The data will be exported into the folder specified in the path connection property. The table is represented by a folder named according to the following pattern: <parquet data source name>_<table name>.parquet. The folder contains files named like <table name>_<UID>.parquet. When new data is inserted into a table, a new file is created in the respective table folder with new data appended to the old data.

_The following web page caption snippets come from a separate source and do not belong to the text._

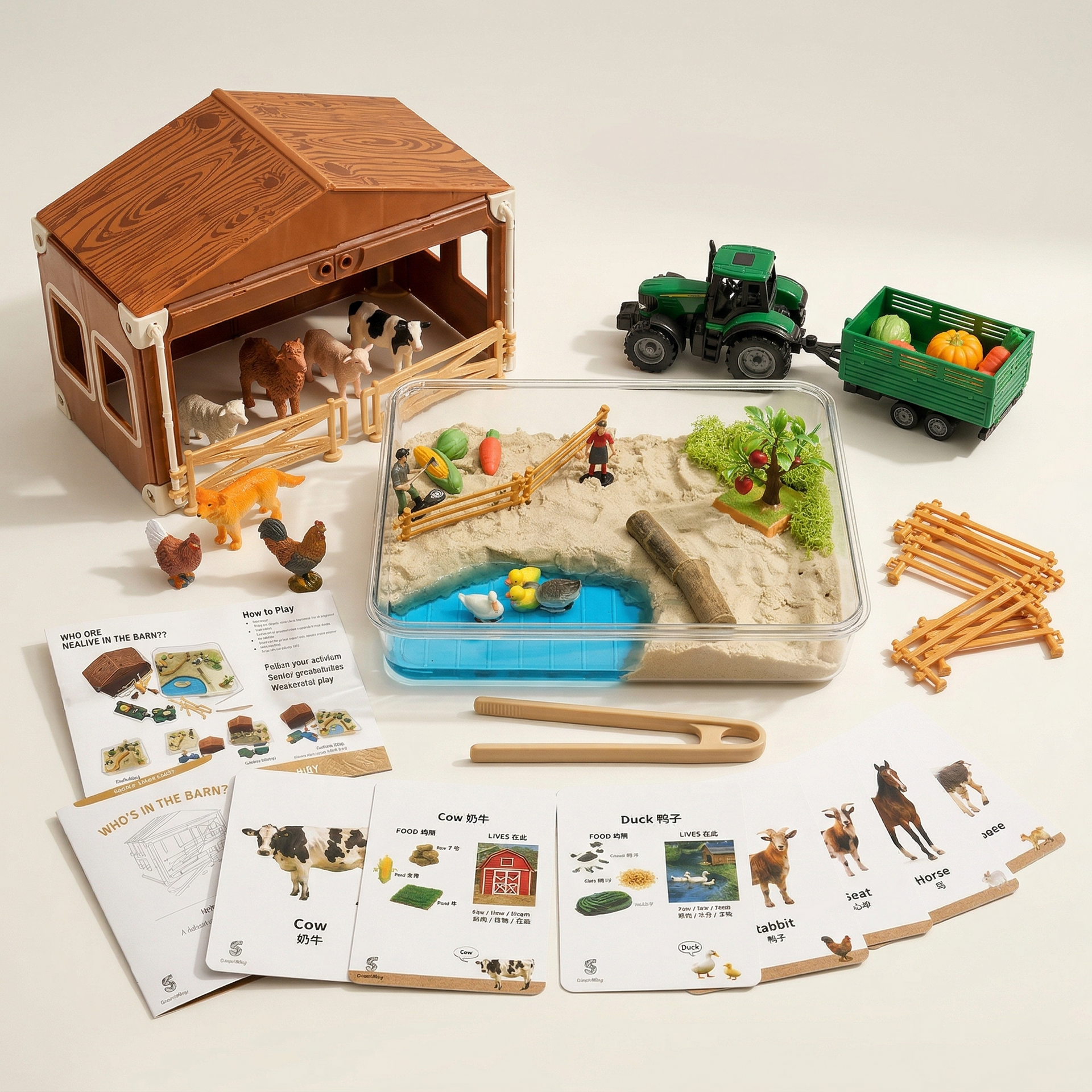 A toy farm set featuring a barn, a green tractor with a produce trailer, a sensory bin with sand and water, and info cards.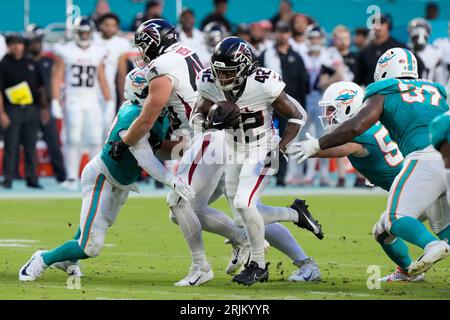 Atlanta Falcons running back Godwin Igwebuike sprints through Miami  Dolphins for an 11-yard TD run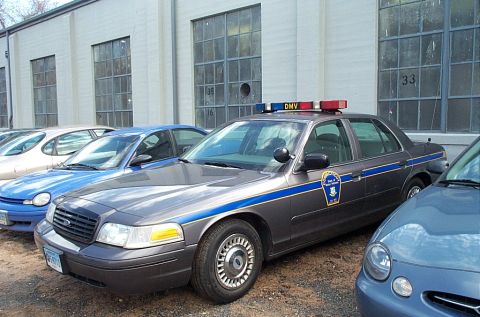 2001 Ford Crown Victoria - A police car, identified as a 2001 Ford Crown Victoria, is parked in a lot with other vehicles.
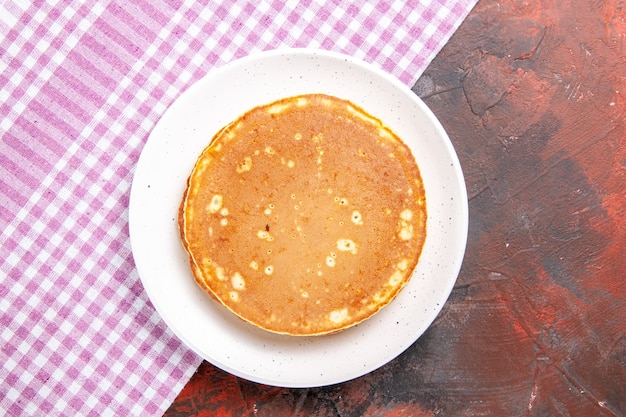 Classic American tasty pancakes on a pink stripped towel on mixed color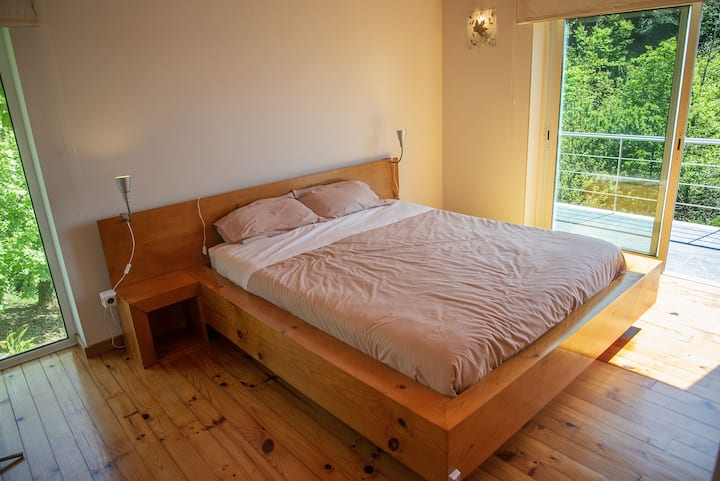 Bed with a 1,6 x 2 m orthopaedic mattress, window with a view to one of our waterfalls, and french windows to the balcony with a panoramic view over the forest surroundings.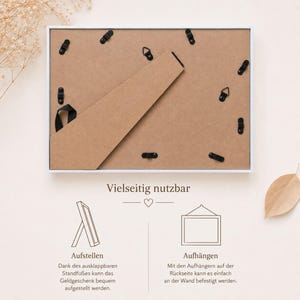 May include: A rectangular white picture frame shown from the back, featuring a brown backing board, a hinged support stand, and multiple black metal swivel clips. Below, text and line drawings illustrate two ways to display the frame: standing up or hanging on a wall.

You can also create a table using the CREATE TABLE statement. However, the physical file will only be created when some data is inserted into this table using the INSERT VALUES or INSERT SELECT statement.

Example

CALL SYSADMIN.createConnection(name => 'parquet_1', jbossCLITemplateName => 'ufile', connectionOrResourceAdapterProperties => 'path="/home/exportuser/examples"') ;;
CALL SYSADMIN.createDataSource(name => 'parquet_1', translator => 'parquet', modelProperties => 'importer.loadMetadata=true', translatorProperties => null) ;;
 
SELECT * 
INTO parquet_1.example_salesorderdetail
FROM adventurework.salesorderdetail ;;
SQL

As a result of this call, the content of the salesorderdetail table in the adventureworks schema will be exported into the example_salesorderdetail_1e04e8d5-f963-11ed-a1bc-0a0027000003.parquet file in the /home/exportuser/examples/parquet_1.example_salesorderdetail.parquet folder.

See Also

Parquet File Creation and S3 Storage with Data Virtuality to learn how to take any data source table and create a local Parquet file

Query Parquet Files in Data Virtuality Using Amazon Athena for information on how to read from Parquet

Since v.3.9:

  • ufile jbossCLITemplateName is used for creating Parquet data sources;
  • importer.loadMetadata model property is available;
  • Tables are stored in dedicated folders;
  • Files are not re-written when inserting data;
  • Reading from Parquet tables is possible.